> [Work order]
Exactly the lines from the first line of the records to the line holding "تقدیر از عوامل هیئت فرهنگیان نیشابور" should be duplicated, and nothing more; pictures stay out.

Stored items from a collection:
────────────────────────────────────────

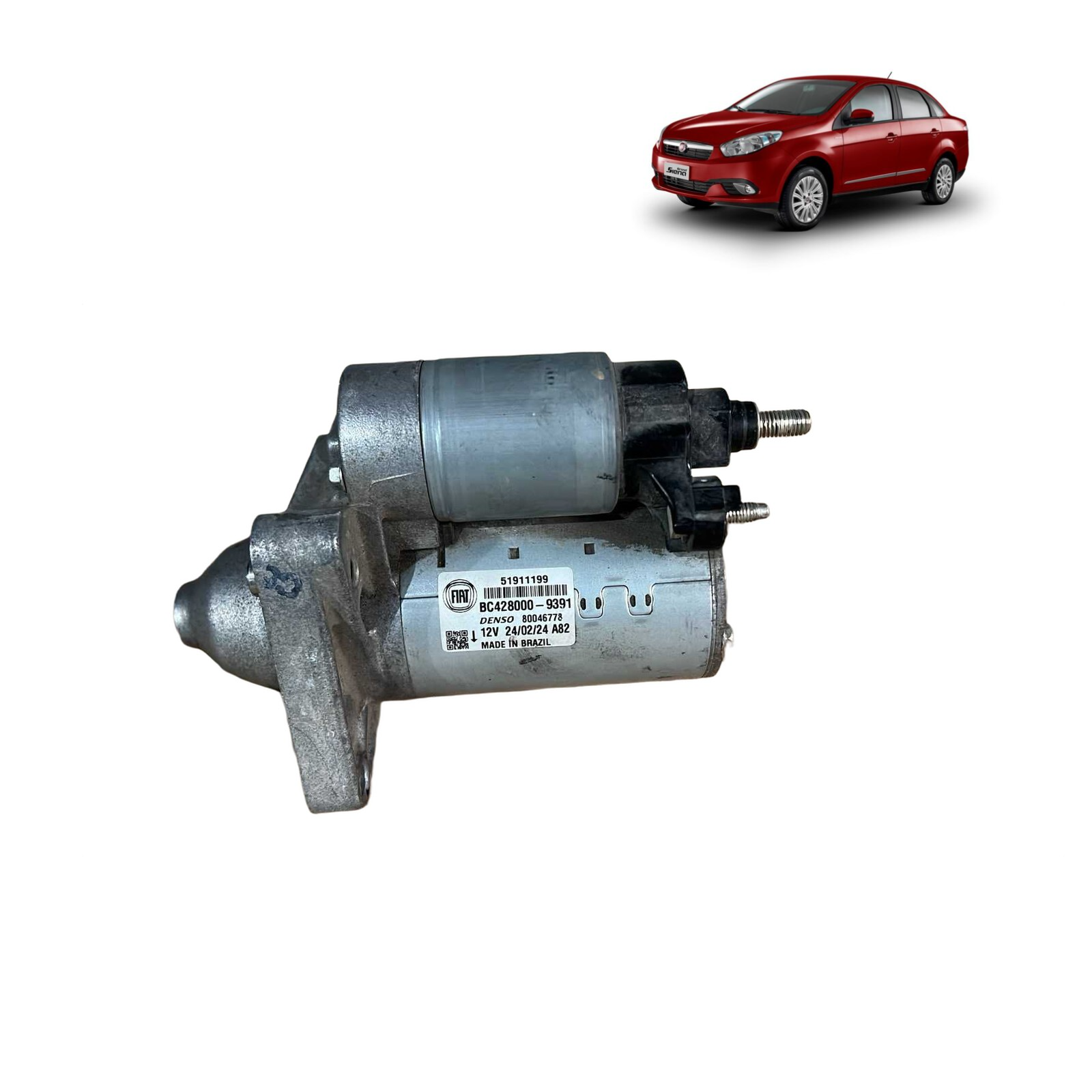 Motor partida arranque fiat mobi Grand Siena 1.4 1.0 13 a 21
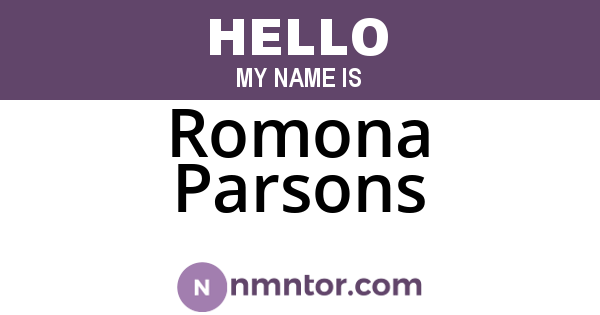 Romona Parsons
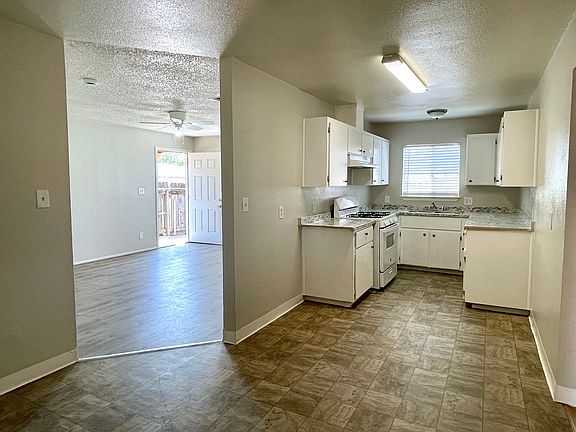 Front door, Living Room and Kitchen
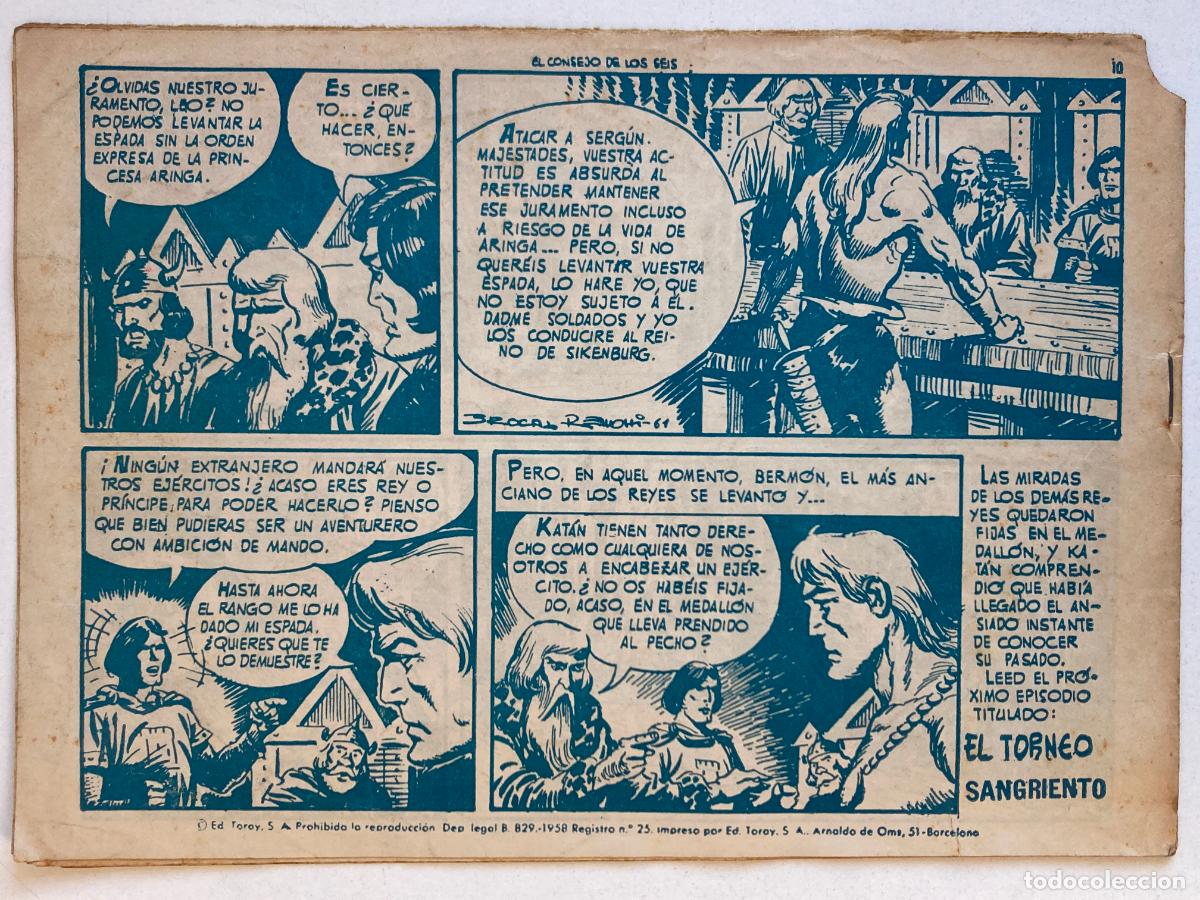 Tebeos: KATAN , EL CONSEJO DE LOS SEIS N&ordm;39 - ORIGINAL - Foto 2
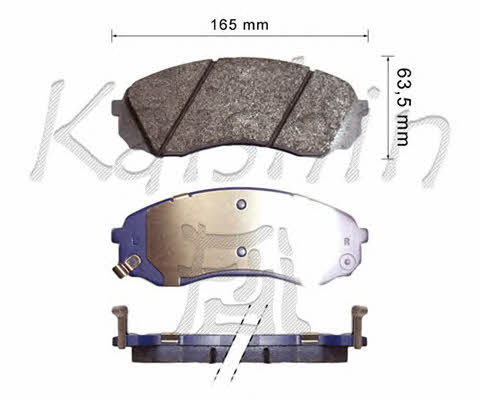 Kaishin FK11236 Brake Pad Set, disc brake FK11236: Buy near me in Poland at 2407.PL - Good price!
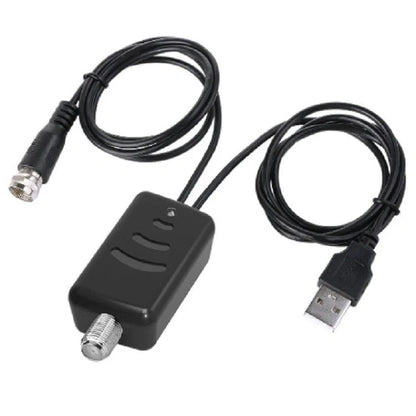 Compact indoor digital TV antenna with ground wave technology for high-definition television reception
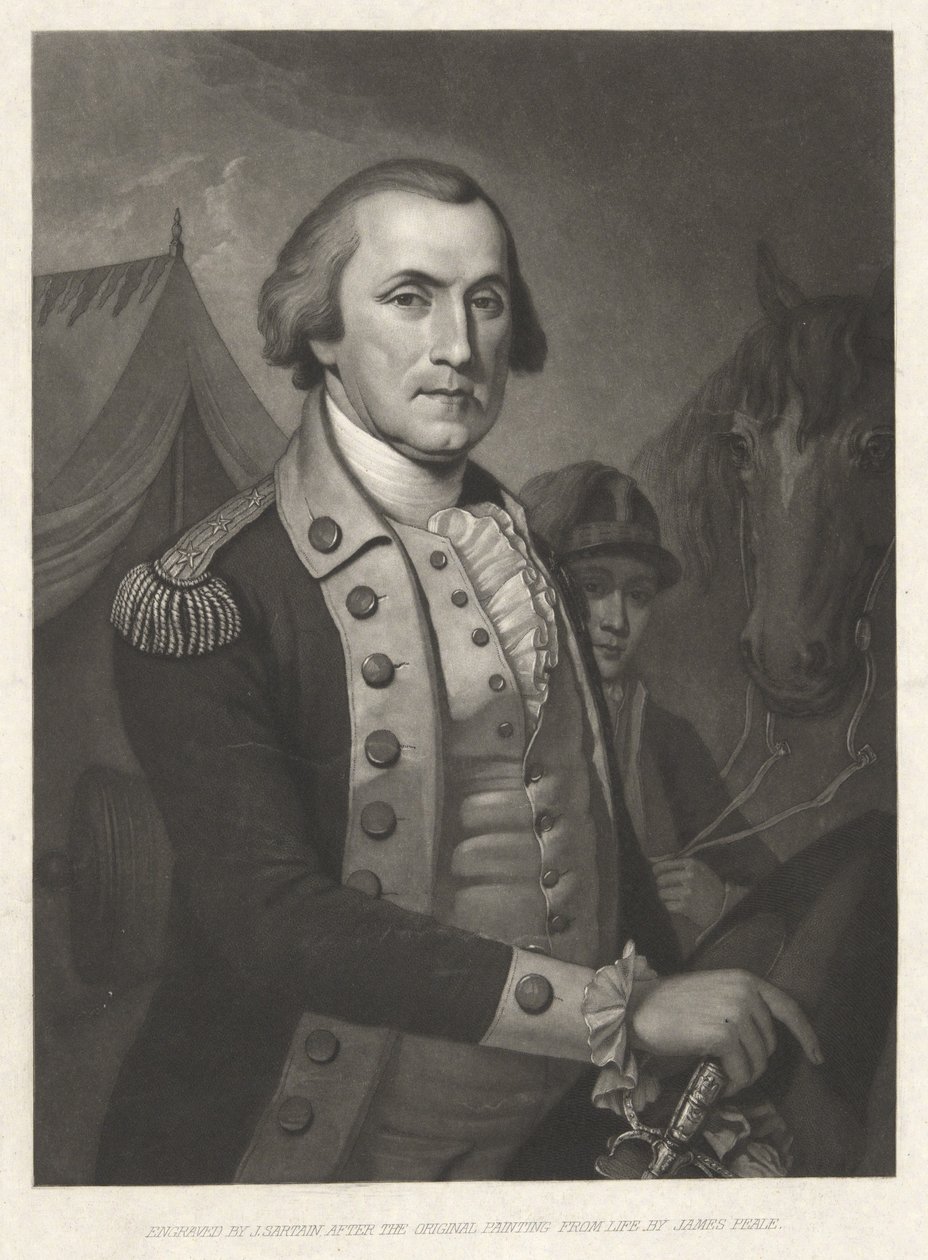 Geroge Washington, pub. 1850 (gravering) av James (after) Peale
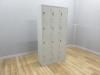 12人用シューズBOX 3列4段 ジョインテックス 南京錠タイプ 扉付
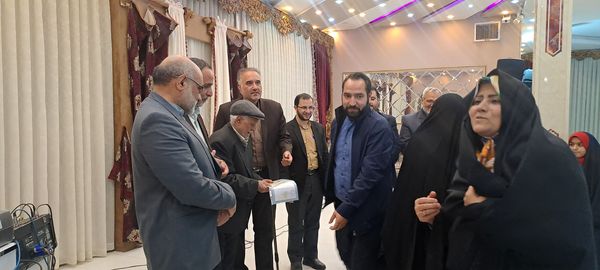  تقدیر از عوامل هیئت فرهنگیان نیشابور 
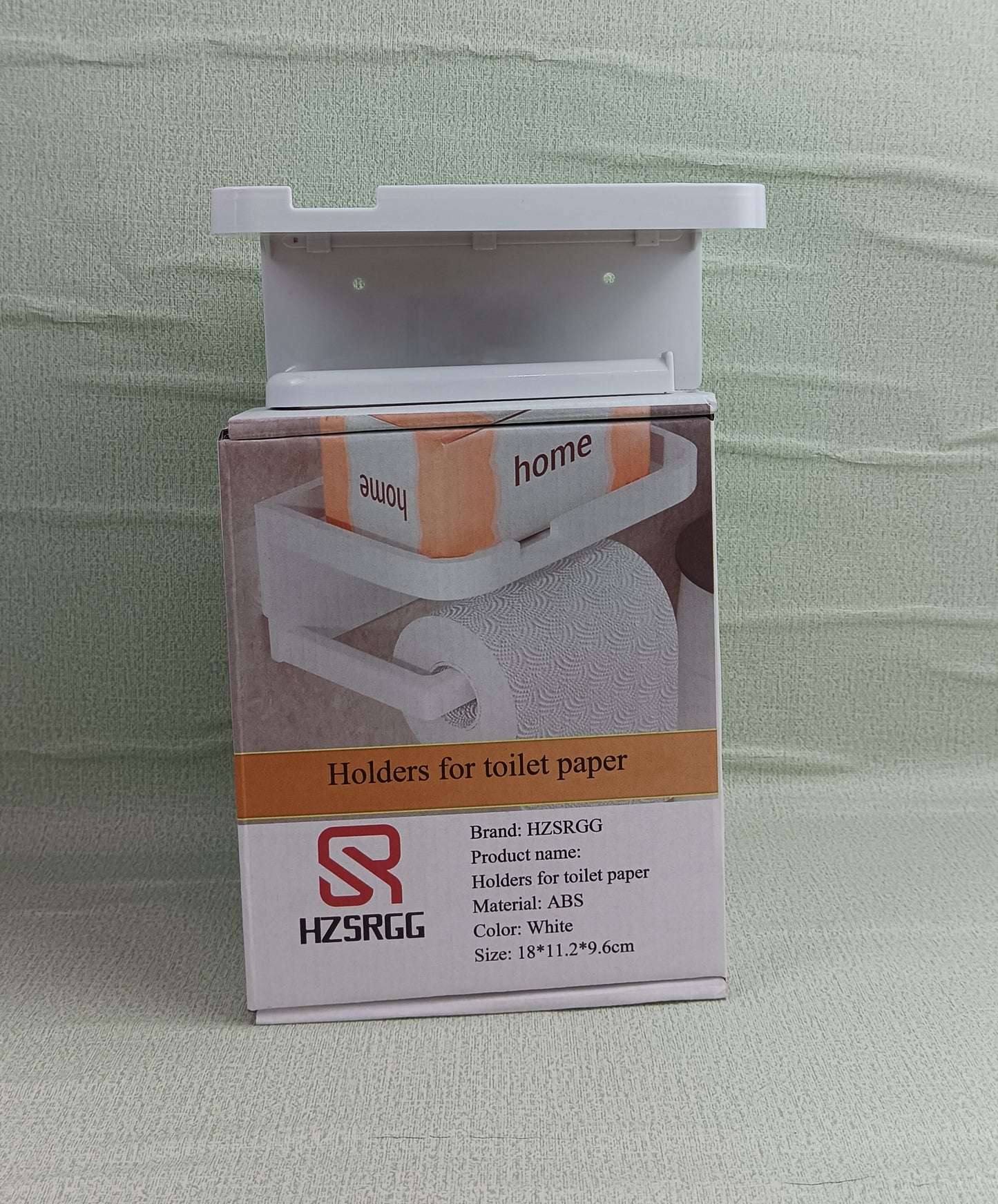 HZSRGG Holders for toilet paper Toilet tissue holder Toilet shelf drawer paper roll box no punch toilet paper box wall mounted paper towel holder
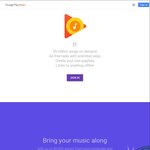 Google Play Music 90 Days Free for New Subscribers (includes YouTube Red)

────────────────────────────────────────

> [Answer to this exercise]
 Motor partida arranque fiat mobi Grand Siena 1.4 1.0 13 a 21
 Romona Parsons
 Front door, Living Room and Kitchen
 Tebeos: KATAN , EL CONSEJO DE LOS SEIS N&ordm;39 - ORIGINAL - Foto 2
 Kaishin FK11236 Brake Pad Set, disc brake FK11236: Buy near me in Poland at 2407.PL - Good price!
 Compact indoor digital TV antenna with ground wave technology for high-definition television reception
 Geroge Washington, pub. 1850 (gravering) av James (after) Peale
 12人用シューズBOX 3列4段 ジョインテックス 南京錠タイプ 扉付
  تقدیر از عوامل هیئت فرهنگیان نیشابور 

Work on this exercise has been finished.